Deve ser por isso que Mateus infere que é a Luz que invadiu as trevas, como a Graça que precede a resposta
humana. Pressupõe-se que já não se trata, pois, de pouca instrução, a douta ignorância, aquilo que cega a alma dos
homens. De certo modo, Galiléia é o lugar onde doutores, escravos, pobres e ricos, assentados, estendem as mãos
pedindo pão, quando a alma grita de fome.
Jesus brota nas regiões mais inóspitas da vida humana. Os homens, conforme Mateus, estavam assentados
na escuridão não por circunstâncias financeiras, mas porque a alma pede esperança. E tal esperança só se alimenta
de luz(a Verdade). Mas querem uma esperança proveniente do pão. Jesus faz o seu caminho passar por aqueles que
jazem nas trevas da esperança (v16). Ele vê esperança onde a vida parece ter encolhido.

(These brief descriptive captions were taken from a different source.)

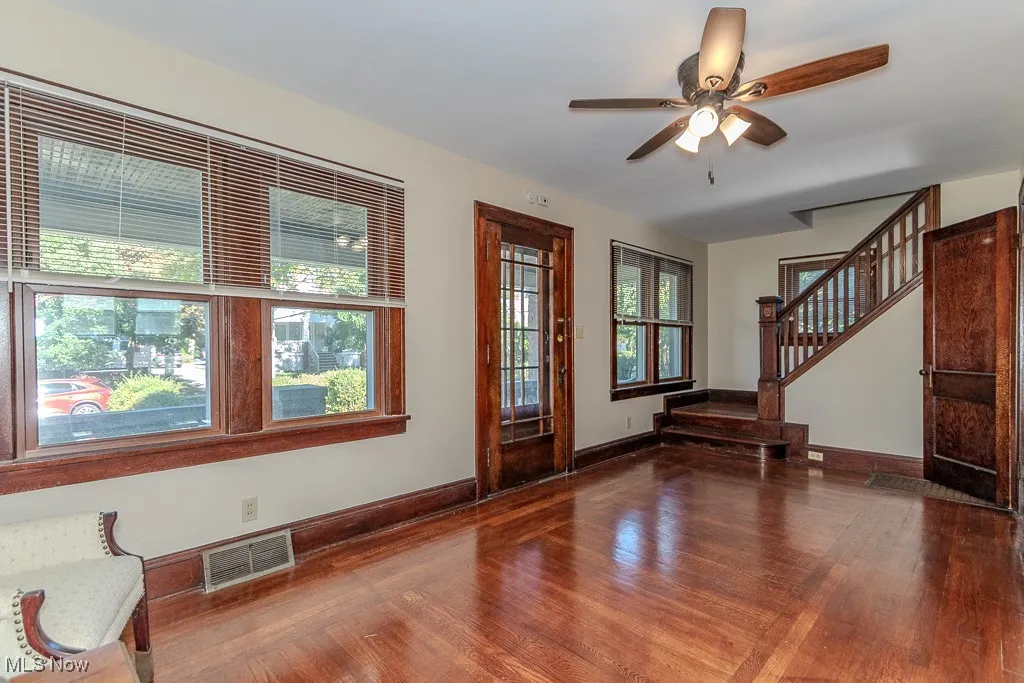 Unfurnished living room with dark wood-type flooring, a ceiling fan, and stairs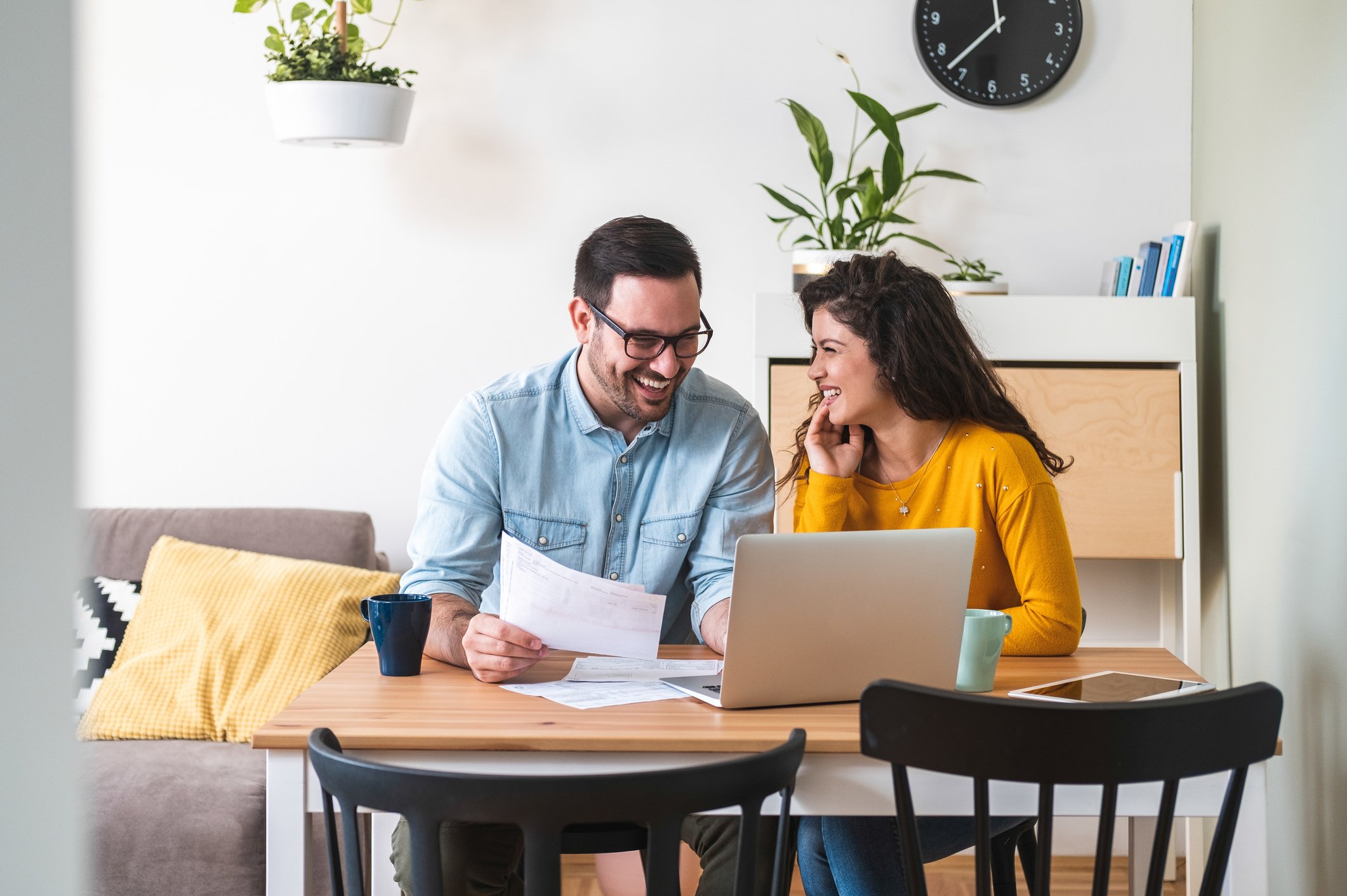 Smiling couple sitting at table reviewing papers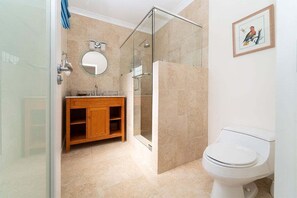 Une salle de bain moderne avec une douche à parois de verre, un meuble-lavabo en bois, un miroir rond et des toilettes blanches.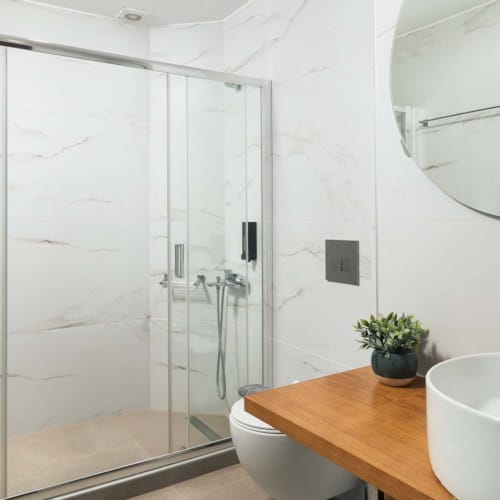 a bathroom with a glass shower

Como que este homem que pode, até mesmo, ser visto como igual àqueles que estão assentados à beira do
caminho, pode nos achatar com tamanha leveza de Seu Ser? Ele não pisa a alma, mas a deixa suspensa (IS 42.3; cf:
Jo 10. 24). Tal peso da existência encontra Nele a leveza redentora. Ninguém ali saiu da dura realidade da falta do
pão, mas agora vê onde estão assentados: a luz clareia o interior faminto da alma. E o que pode ser mais urgente?

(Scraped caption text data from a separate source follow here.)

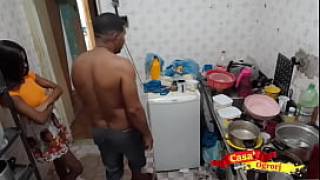 A cute little stepdaughter being fucked by her stepdad in the kitchen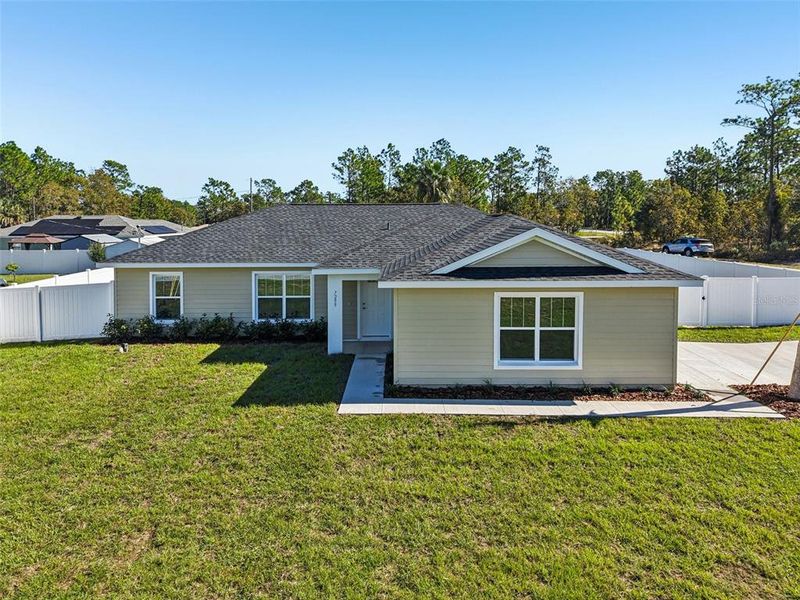 Front exterior of a new home in , Ocala, FL, highlighting curb appeal (Image 22).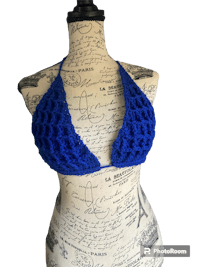 a blue crocheted bikini top on a mannequin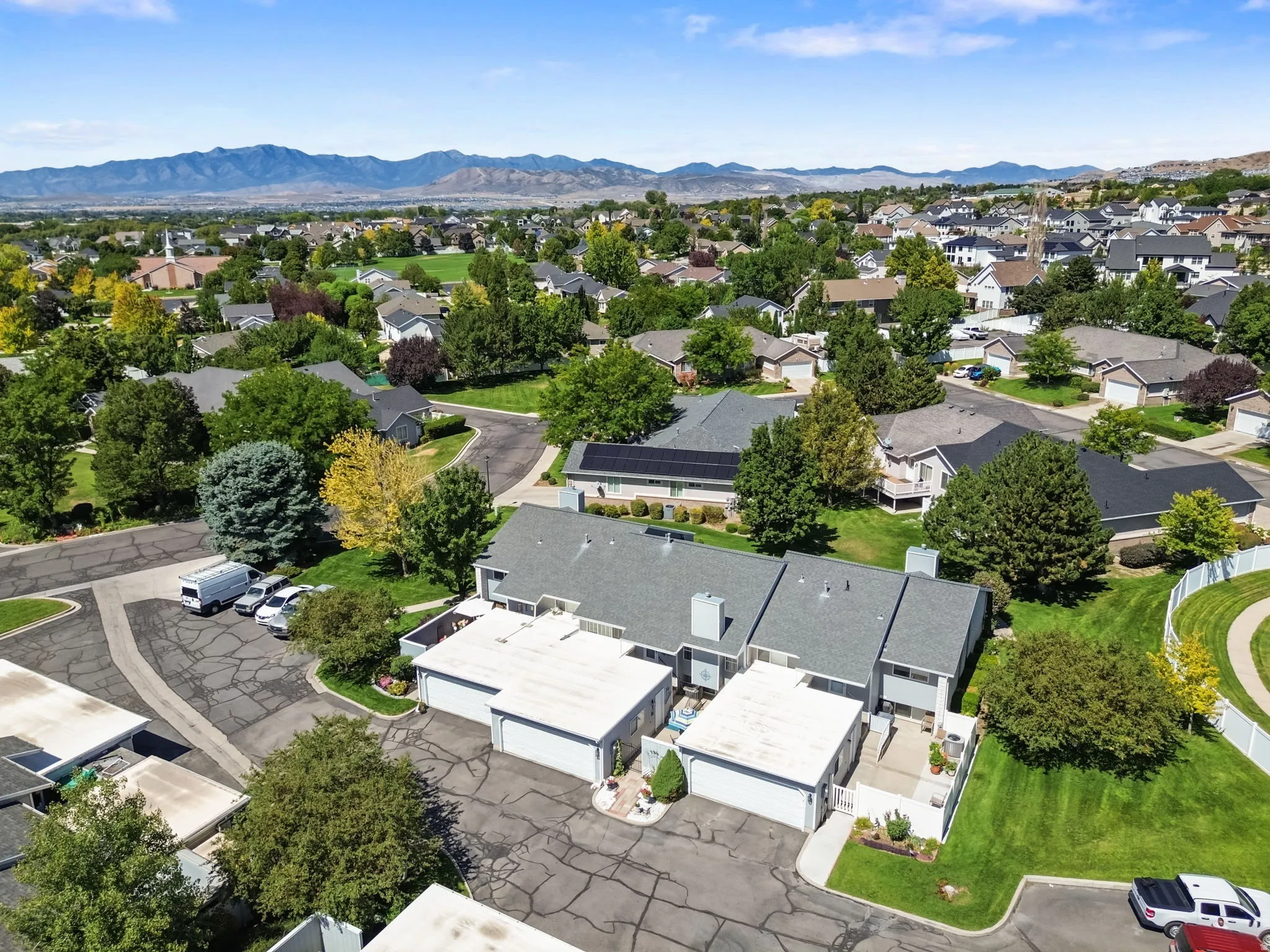Townhome property with gray siding, attached garages, and a paved driveway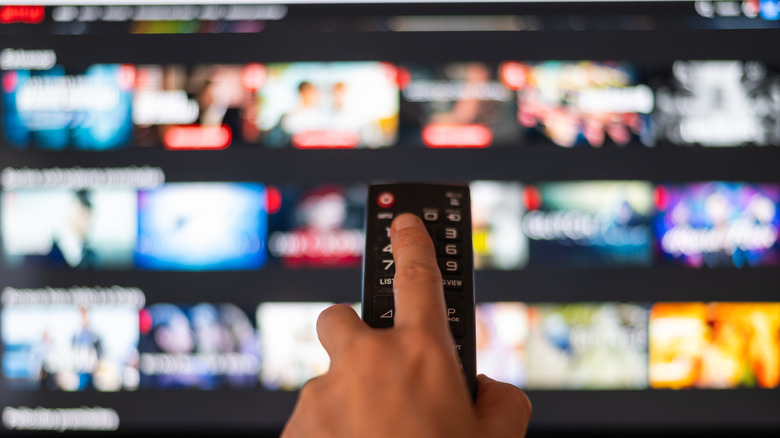 A person pointing a remote control at a TV displaying the Netflix home page.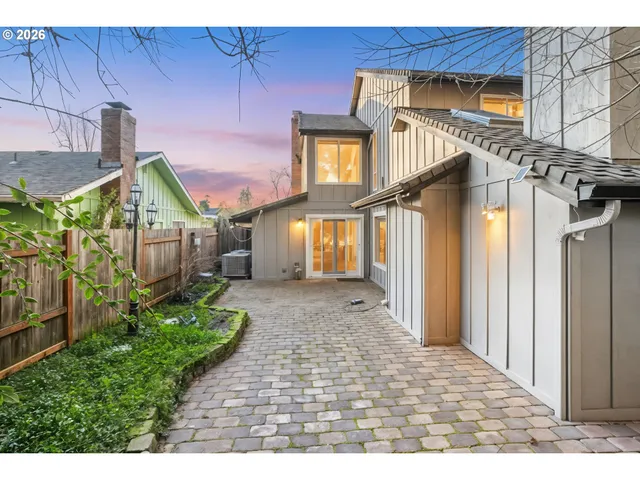 a view of a house with a wooden stairs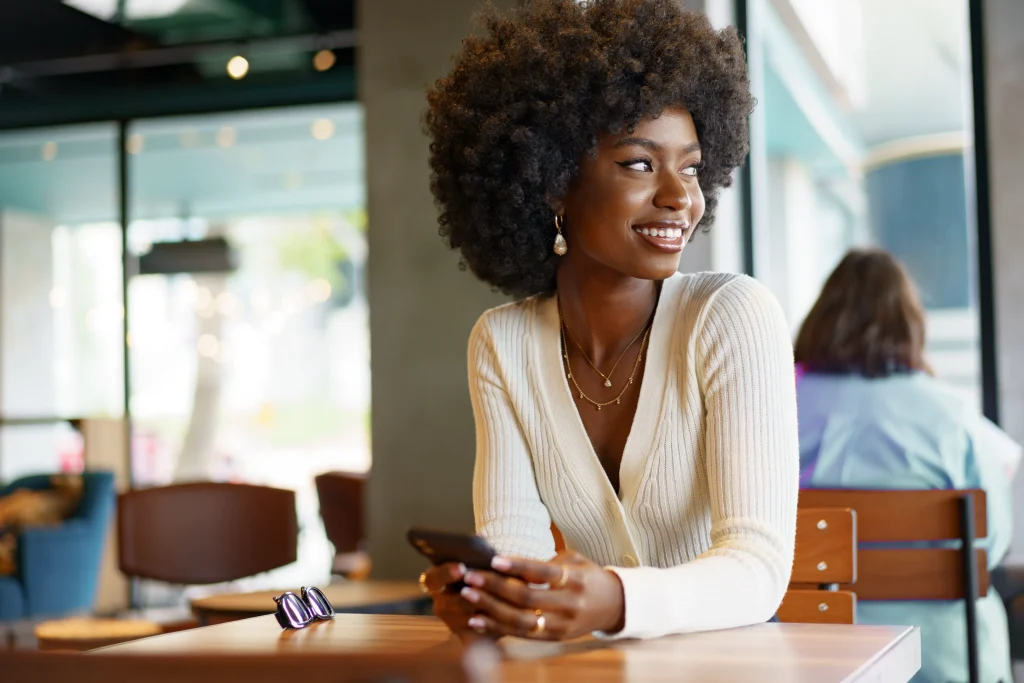 Young woman using a mobile phone at a coffee shop with guest WiFi access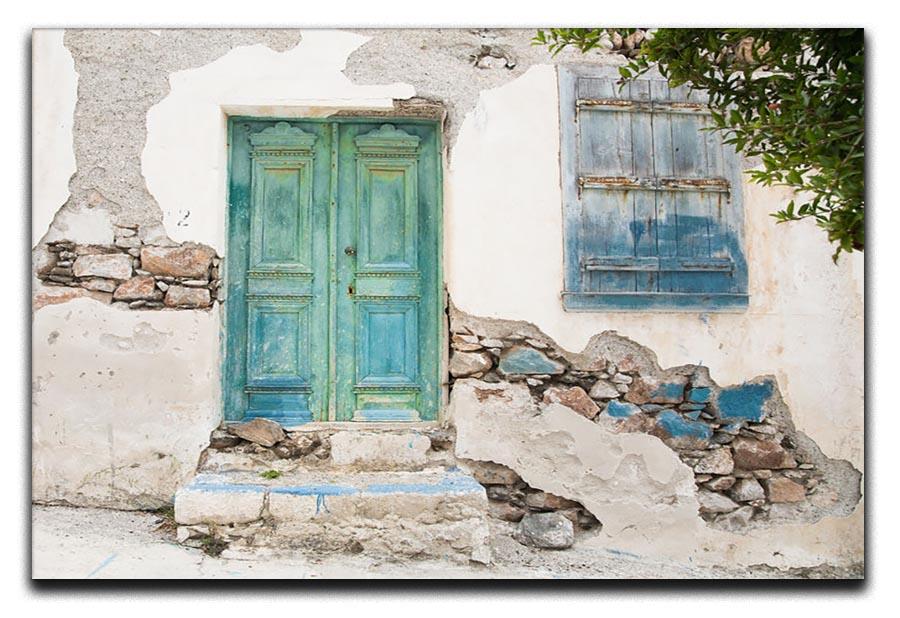 Old wooden door of a shabby demaged house Canvas Print or Poster - Canvas Art Rocks - 1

Ora, não é à partir de então que o sentido da vida eclode? “Daí por diante, passou Jesus a pregar e a dizer:
Arrependei-vos, porque está próximo o reino dos céus” (17). Não gera Ele uma crise àqueles que estavam sob
sombras? A Luz vasculha cada pedra do caminho e, ao tocá-la, faz com que flores brotem das pedras.
Ele chama ‘pe(s)cadores’ (19)! Não se iluda, pois, se Jesus está na Galileia, e esta é uma região de sombra da
morte (16-18), os seus discípulos também ali se assentaram. São homens de vida difícil. Jesus lhes oferece propósito.
Atender ao Seu chamado é o ponto de ruptura com a velha ordem; é sair das trevas e romper a alienação do ser.
Ah! O Senhor acredita em valores atrofiados nas gentes sofridas pelas circunstâncias da vida (12-17). Nos
olhos de Jesus, cada coração ferido carrega ainda vestígios do Éden. E onde só vemos ruínas, Ele sussurra
possibilidades.” Em As Obras do Amor, Kierkegaard afirma: “Amar é acreditar que o outro pode ser mais do que é
agora.”
É no Deus-Homem, que surge caminhando na Galiléia, que o propósito da vida evade ao existencial. Até a
fome torna-se claro sinal de que o vazio maior está na alma, sem que se ignore o vazio menor, o do estômago. Jesus
traz à essa gente um propósito para viver (18-25).
Imagino ser horrível esperar da vida apenas o pão, da mesma forma, nem gosto de pensar em o que é a vida
sem o pão. Os homens pescadores, achados por Ele, imediatamente deixam as redes e O seguem (20)!
Será que a leveza deste Homem ofende o concreto duro da Galiléia? O que a Sua Voz faz à alma daqueles
que no mar encontram o pouco sentido para a dor que sofre?
Agora, o sentido é outro: as redes vazias ganham propósito. Duvido que redes estourando de peixes dão
mais sentidos à vida na Galileia do que a presença de Jesus!
Eliandro Cordeiro
Maringá, 03, jul. 2025
De um salto, me pus a segui-lo (Mc 10.50).
1 Sim! Milan Kundera.
2 A leitura poderá tornar-se mais interessante se você ler todo o capítulo 4 de Mateus e esquecer as divisões e títulos que existem nele. Leia-o fluidamente,como se Jesus passasse por cada ponto sem que se pudesse notar alguma divisão.
3 Kierkegaard, Soren, As obras do Amor, Petrópolis: Vozes, 2007, p.234.